Member of the West Virginia House of Delegates from the 65th district
- In office November 30, 2018 – December 1, 2020
- Preceded by: Jill Upson
- Succeeded by: Wayne Clark

Personal details
- Born: December 21, 1984 (age 41) Charles Town, West Virginia, U.S.
- Party: Democratic
- Education: Shepherd University (BA, MBA)

= Sammi Brown =

American politician

Sammi Brown (born December 21, 1984) is an American politician and labor organizer who served as a member of the West Virginia House of Delegates for the 65th district from December 1, 2018, to November 30, 2020.

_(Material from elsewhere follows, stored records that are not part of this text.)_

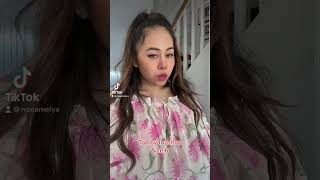 I know who’s fake and who’s real ? noeamelya dailyvlog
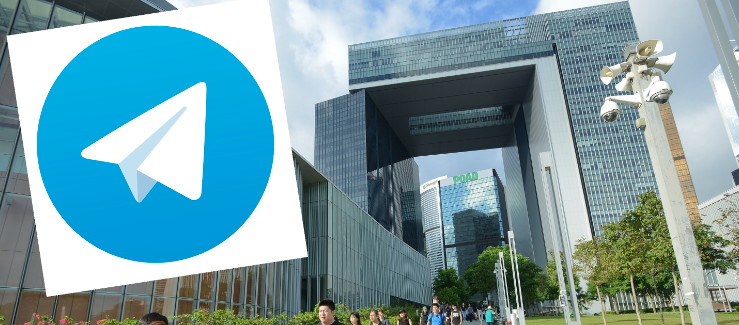 The other party is not receiving Line messages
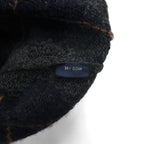 Polo Ralph Lauren 90年代 アーガイル ニット セーター 2XL グレー ウール クルーネック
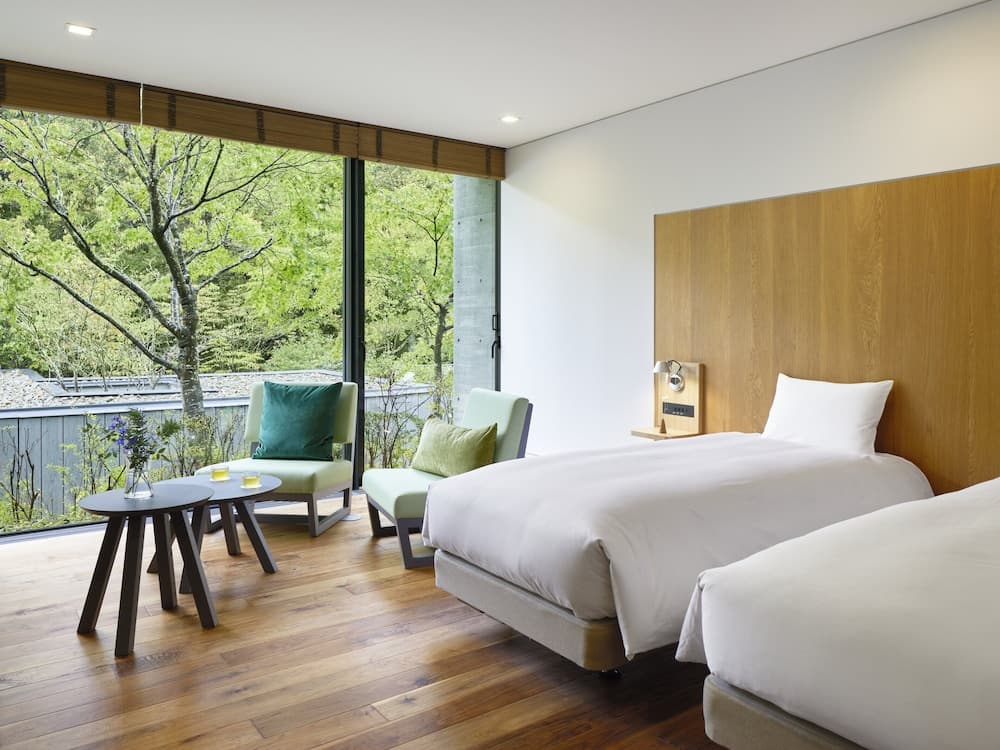 Hoshino Resorts RISONARE Nasu 객실 사진 4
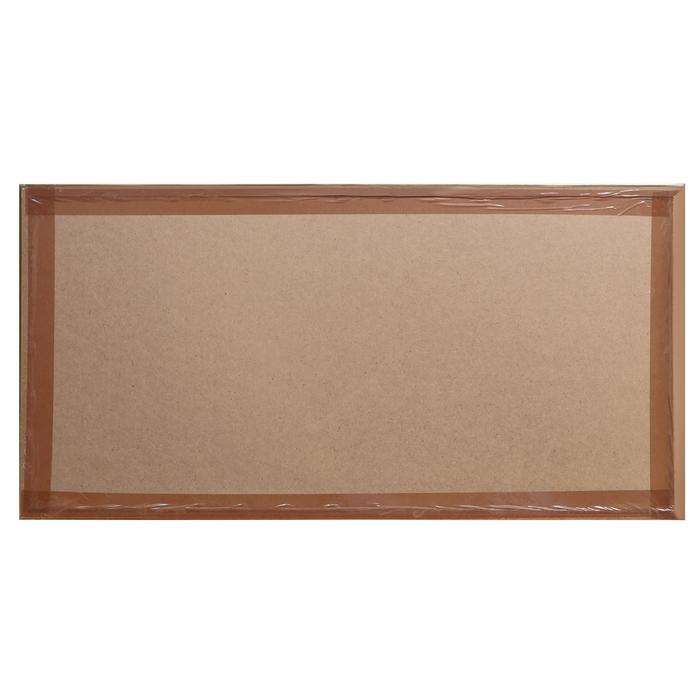 Картина гобеленовая "Тихая заводь" 65х125 см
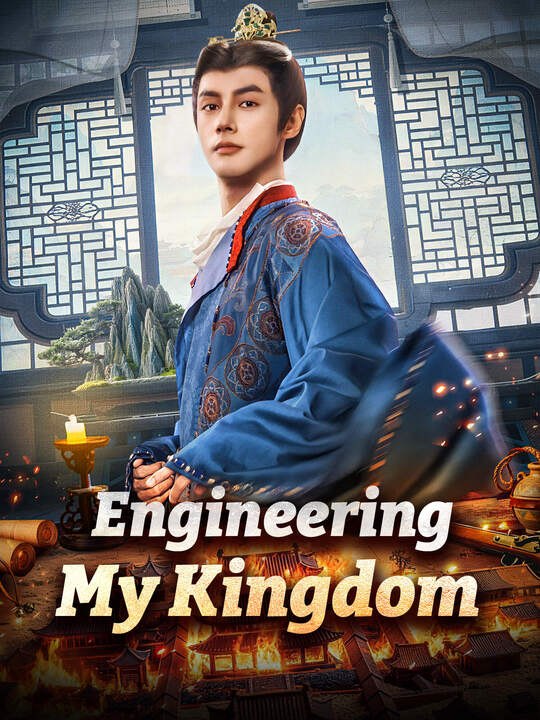 Engineering My Kingdom Aft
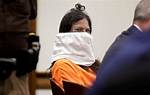 Taylor Schabusiness: Face Covering and the Role It Played in the Case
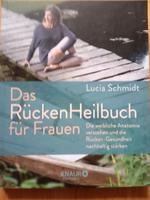 Das Rücken Heilbuch für Frauen Eimsbüttel - Hamburg Eidelstedt Vorschau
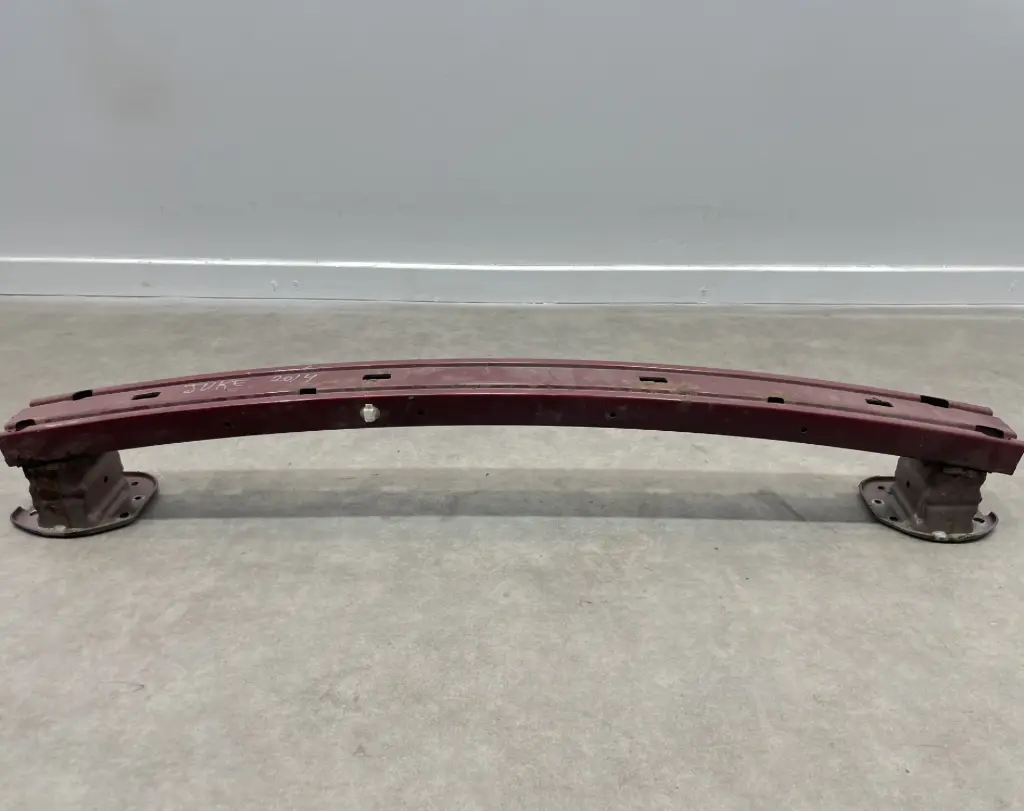 ✅Traverse de pare-choc arriére NISSAN JUKE 2014 850321K11B 71389285 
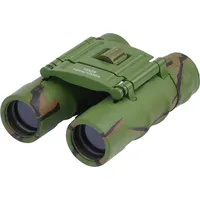 Mil-Tec - Binoculars Mini Gen Ii 10X25 with pouch Camo 15702120 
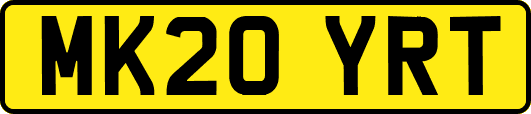 MK20YRT
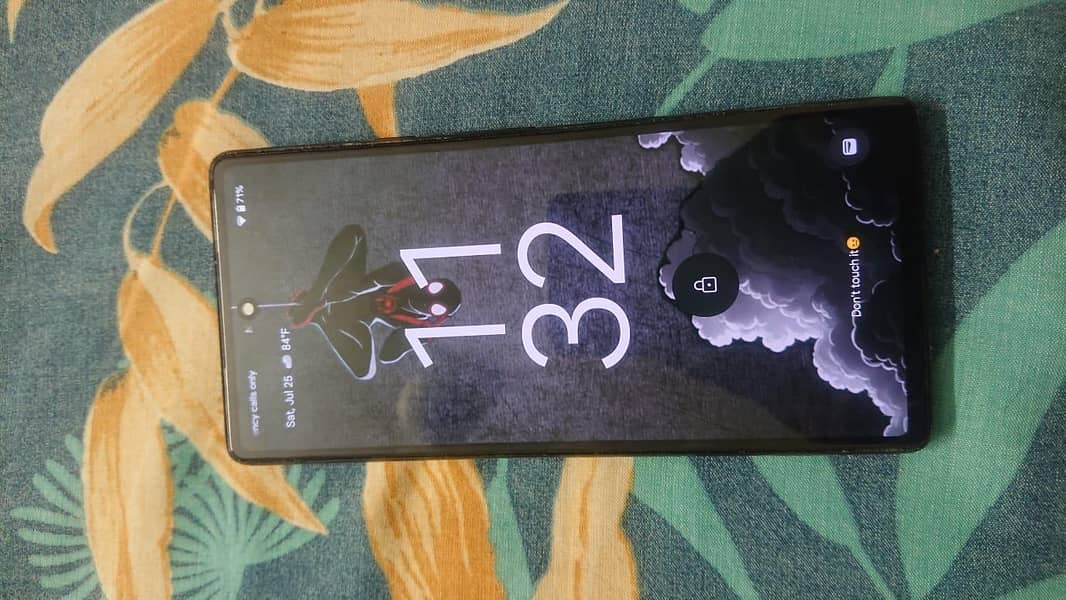 Google Pixel 6 2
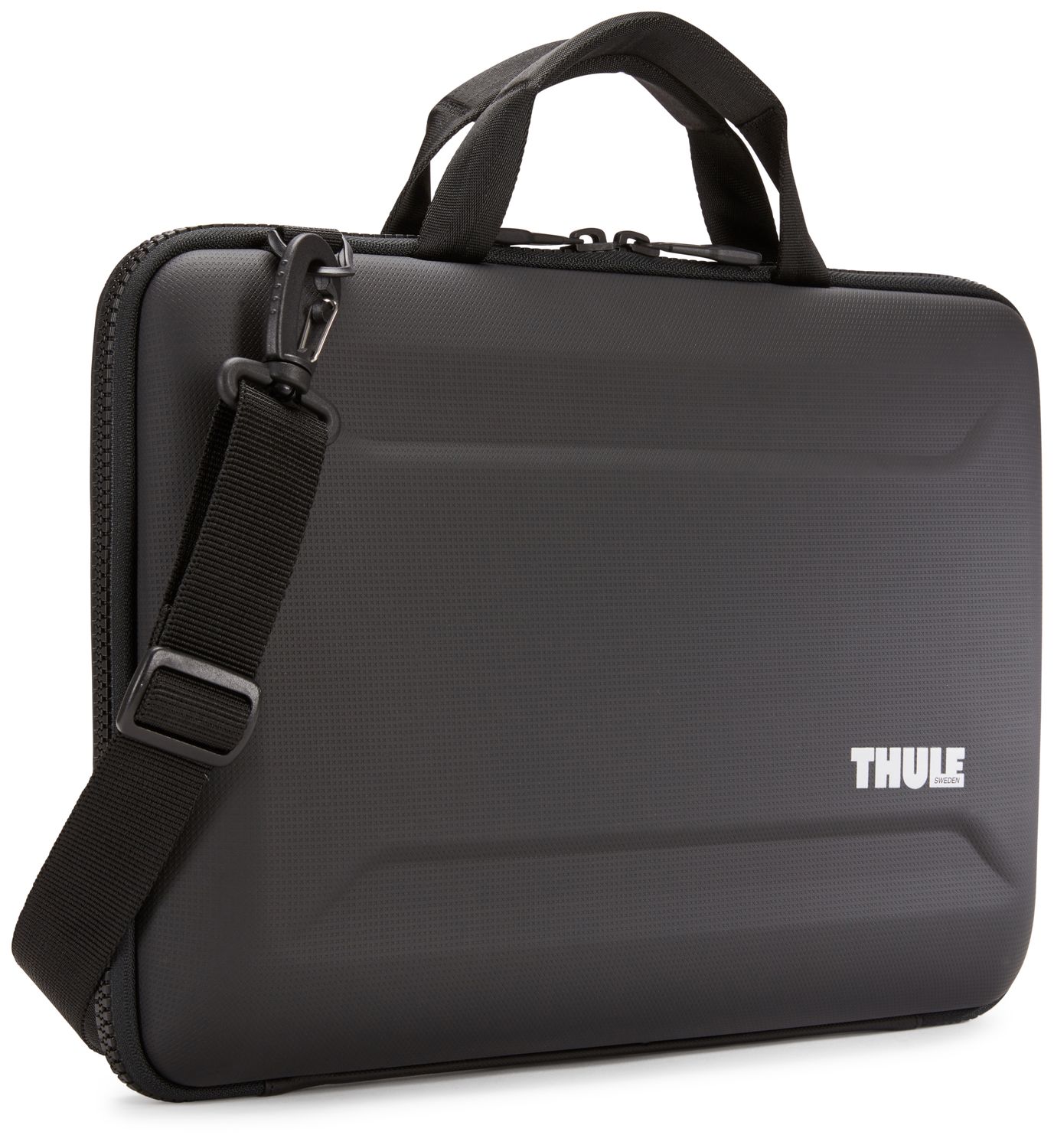 Thule Gauntlet 4.0 TGAE2357 - Black 40,6 cm (16") Opbergmap/sleeve Zwart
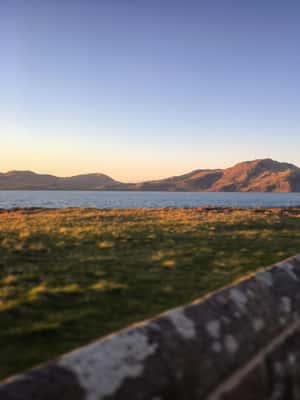 billede nr.2 af aktiviteten Isle of Mull: Guidet gåtur langs kysten til Tobermory Lighthouse i Det skotske højland, uploadet af udbyder
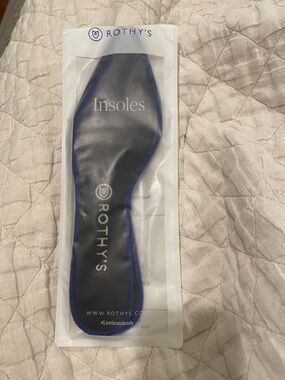 11.5 insole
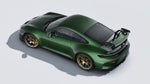 2026 Porsche 911 GT3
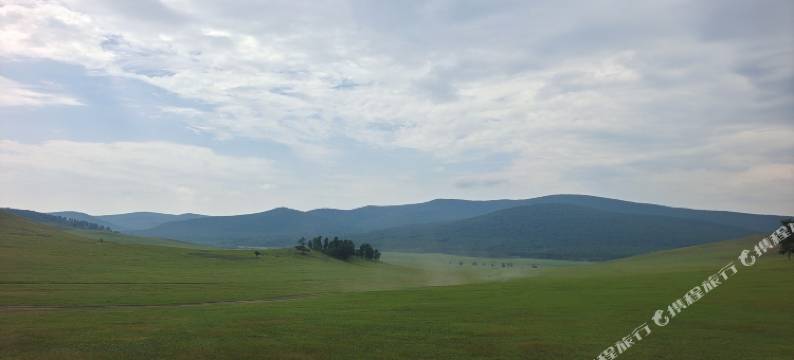 蒙部义达庄园图片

== Early life and education ==
Brown was born and raised in Charles Town, West Virginia. She earned a Bachelor of Arts degree in mass communication and a Master of Business Administration in marketing from Shepherd University.

== Career ==
From 2009 to 2014, Brown worked in production and public relations for several and television and radio stations, including WDVM-TV, WSHC, and WIHT. In 2014, she became a campaign coordinator for the West Virginia chapter of the AFL–CIO. From 2016 to 2017, she was the director of marketing and communications at Geostellar, a solar energy company. In 2017 and 2018, she was the federal campaigns director for the West Virginia Healthy Kids and Families Coalition. She has also worked as a trainer for the National Democratic Training Committee.

In 2016, Brown ran unsuccessfully for a seat in the West Virginia House of Delegates. She rain again in 2018 defeating incumbent Jill Upson, and assumed office on November 30, 2018. In her 2020 re-election campaign, Brown was narrowly defeated by Republican nominee Wayne Clark.